Any sound recordist intending to record urban soundscapes would do well to study the work and techniques of Atget, Doisneau and Cartier-Bresson.

While these giants of Parisian street photography are a great inspiration for me in the Parisian soundscapes work I do there is also someone else who has inspired me.

The French novelist, filmmaker, documentalist and essayist, Georges Perec, was fascinated by the notion of ‘ce qui se passe quand il ne se passe rien’ – what happens when nothing is happening. In fact, it was reading Perec’s essay, ‘Tentative d’épuisement d’un lieu parisien’, a detailed written record of the minute observations he made of what he could see happening in a Parisian Square while sitting in a café opposite, that launched me on my work to observe and record Parisian life through the city’s soundscapes.

Which brings us neatly back to the Quai de Montebello.

Notre Dame - Quai de Montebello

Taking up a position on the Quai I took this picture. It took a fraction of a second to capture the scene.

I then took another picture to the left …

Quai de Montebello

… and one to the right.

Quai de Montebello

But what would happen I wondered if, instead of a using a camera to observe the Quai, I used a pair of microphones? Instead of capturing the scene in a fraction of a second I could observe it for much longer and what might the microphones reveal that the camera didn’t? How would my sonic observations of a quintessentially Parisian ‘street’ scene compare to the observations captured on film by Atget, Doisneau and Cartier-Bresson or in words by Georges Perec?
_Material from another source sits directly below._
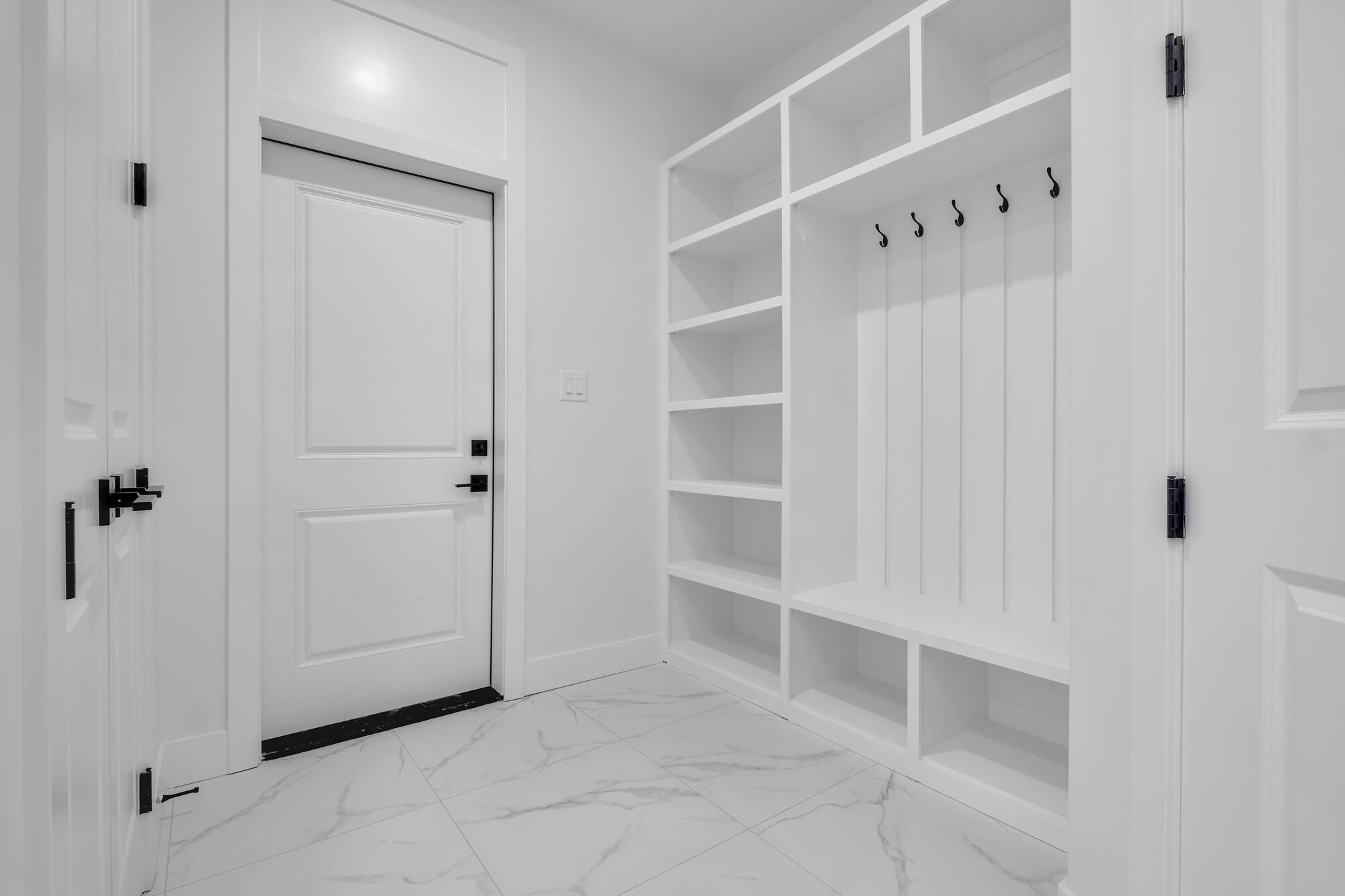 Woodbend Leduc mudroom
Unashamedly using Cartier-Bresson’s technique of framing the scene and then waiting for something to happen, I set up my microphones, switched to ‘record’ and waited.

A Soundscape of the Quai de Montebello:

Thankfully, capturing scenes of Paris is not a competition between pictures, words or sound. The important thing I think is not the medium but the art of observation.

In our modern world where we’ve got used to being informed by instant pictures, newspaper headlines, 140 characters on social media and 20 second sound bites, it seems to me that we are in danger of losing our ability to stop, look and listen and to make time to observe the real world around us.

2002_73_18

Quai de Montebello – Eugène Atget

4 Comments Post a comment
  1. Jun 25 2014

    Another lovely post! I like the sudden change when the accordion busker stopped playing, when for some seconds it was the birds singing, then the bell tolling…

    Agree that we are increasingly inundated with information. I multi-task too much and am trying to focus on doing one thing at a time, and doing it well!

    Reply
    • Jun 25 2014

      Thanks Angelina.

      The busker was playing in the distance and I couldn’t see him from where I was recording. I think he’d been playing for some time before I got there so I obviously caught him just before he packed up and moved off. The bells were fortuitous – I was there just at the right time. But I could have missed all this if I hadn’t taken the time to stop and listen.

      Reply
  2. hmunro
    Jun 27 2014

    The Quai de Montebello is very rich with personal history for me, so I was particularly eager to listen to this soundscape — except that it sounded nothing like I remember. In time I will get used to Notre Dame’s new bells, I suppose. But in the meantime this particular post stands as a reminder that Paris is always changing. I’m so glad you’re capturing it for future generations (and at least one armchair traveler). Wonderfully done.

    Reply
    • Jun 28 2014

      Thanks Heather.

      It’s interesting that you mention the sound of the Notre Dame’s new bells. They were especially designed of course to recreate the original 18th century soundscape surrounding the cathedral. The bells installed after the Revolution were only ever a poor substitute for the originals, so the sound of the bells we hear today from the Quai de Montebello are as close to the sound of the original bells as we’re likely to get. I’m not sure that the accordion would have featured in the 18th century soundscape but I’ve no doubt that there would likely have been music in some form.

      You’re right, Paris is always changing and I find observing the changes endlessly fascinating.